L'envoyée spéciale de l'ONU Mary Robinson, le représentant spécial de l'Union africaine Boubacar Diarra, le coordinateur spécial de l'Union européenne Koen Vervaeke et l'envoyé spécial américain Russ Feingold ont rencontré au cours du week-end le président burundais  à Bujumbura.

Dans leur communiqué commun, ces diplomates se sont dit "très préoccupés par les restrictions de l'espace politique et des libertés civiles qui entravent les activités de l'opposition, de la société civile et des médias, à l'approche des élections de 2015".

Ils ont dénoncé "des mesures visant à entraver le processus électoral et empêcher la pleine participation de toutes les parties prenantes", qui risquent de remettre en cause "les progrès" ayant permis au Burundi de "surmonter une histoire faite de conflits".

"A l'approche des élections, les médias et la société civile doivent être libres de parler et de se prononcer sur l'ensemble du processus électoral", ont souligné les diplomates, rappelant que "tous les partis et acteurs politiques doivent avoir une chance égale de participer au processus".

"Tout effort visant à empêcher les réunions, à intimider les participants ou à fragiliser l'action de l'opposition met en péril le processus électoral et va à l'encontre de l'engagement exprimé par le gouvernement burundais pour la démocratie", ont-ils expliqué.

L'histoire du Burundi est jalonnée de massacres ethniques et le pays a connu une meurtrière guerre civile entre 1993 et 2006.

Le précédent scrutin de 2010 avait été boycotté par la quasi-totalité des partis politiques, à l'exception du CNDD-FDD, parti présidentiel majoritairement hutu, et de l'Uprona, principal parti tutsi.

Le récent retrait de l'Uprona du gouvernement a plongé le pays dans une crise politique et fait craindre une résurgence des tensions ethniques à l'approche du scrutin de 2015, lors duquel le président Nkurunziza a l'intention de briguer un troisième mandat, bien que la Constitution l'en empêche théoriquement.

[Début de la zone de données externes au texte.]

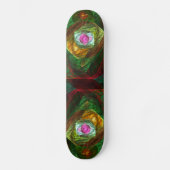Dynamische Verbindungen Abstrakte Art Skateboard (Vorderseite)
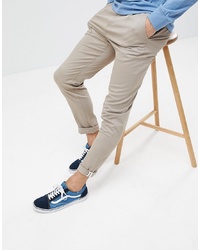 YOURTURN Relaxed Fit Chino In Brown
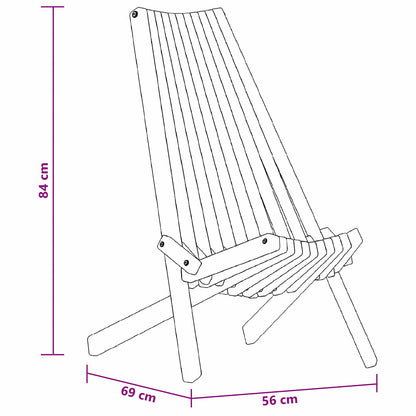 Folding Garden Chairs 2 pcs Brown 56 x 69 x 84 m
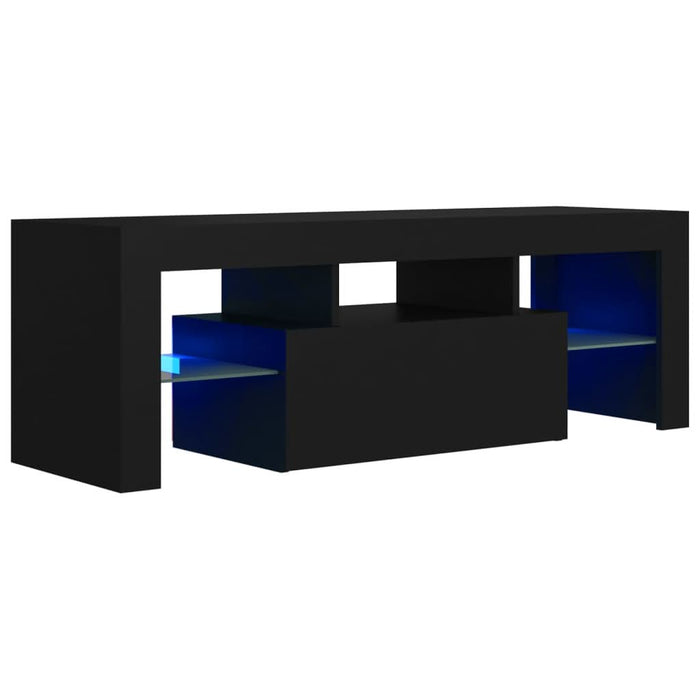 Comodă TV cu lumini LED, negru, 120x35x40 cm - WALTI WALTI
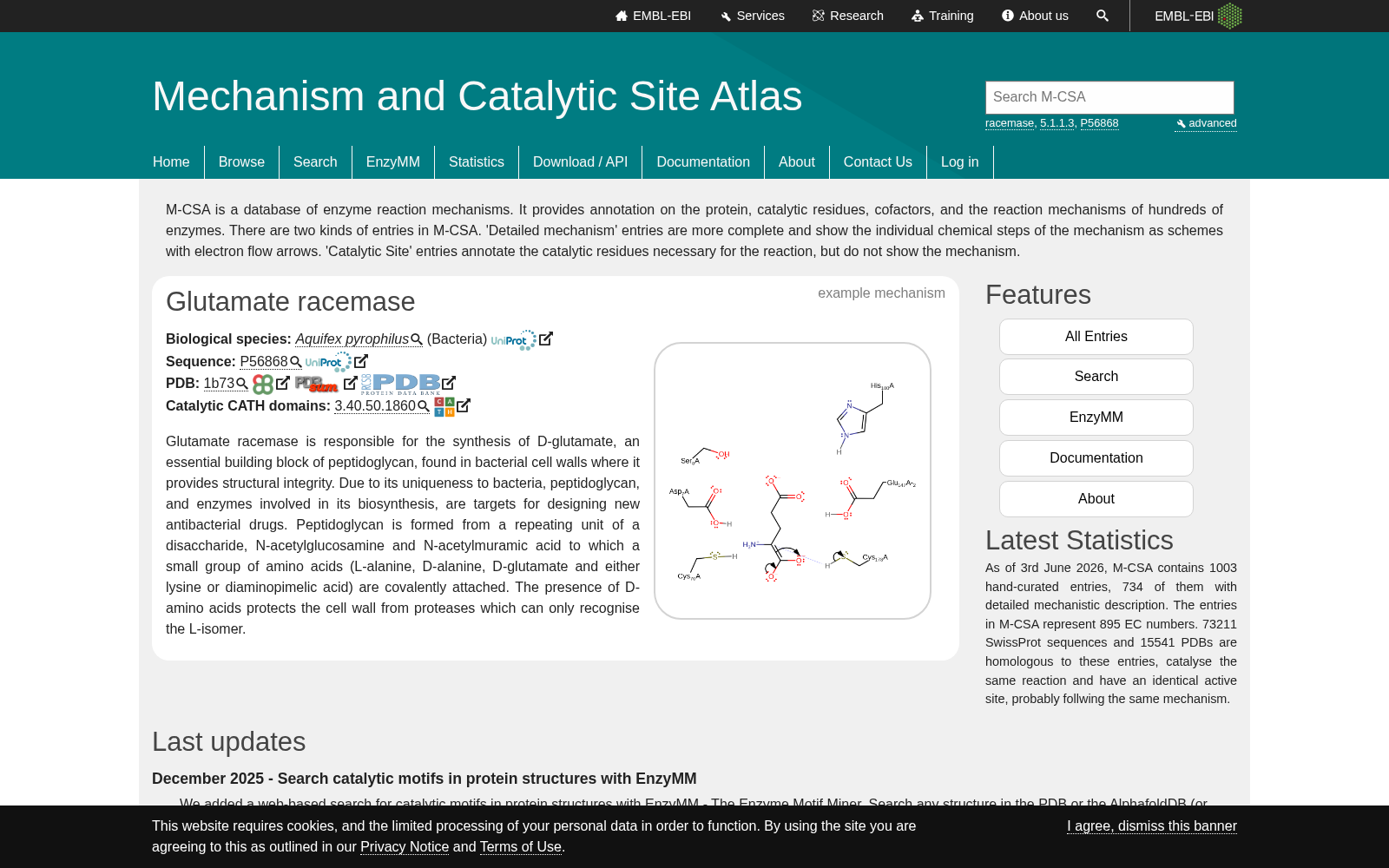Mechanism and Catalytic Site Atlas 数据集图片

Le Parlement a en outre rejeté récemment un projet de réforme constitutionnelle qui menaçait de rompre le fragile partage du pouvoir entre hutu et tutsi, consacré par les accords de paix ayant mis fin à la guerre civile.

Les observateurs s'inquiètent en outre d'informations faisant état de distributions d'armes aux jeunes du parti au pouvoir, ce que dément Bujumbura.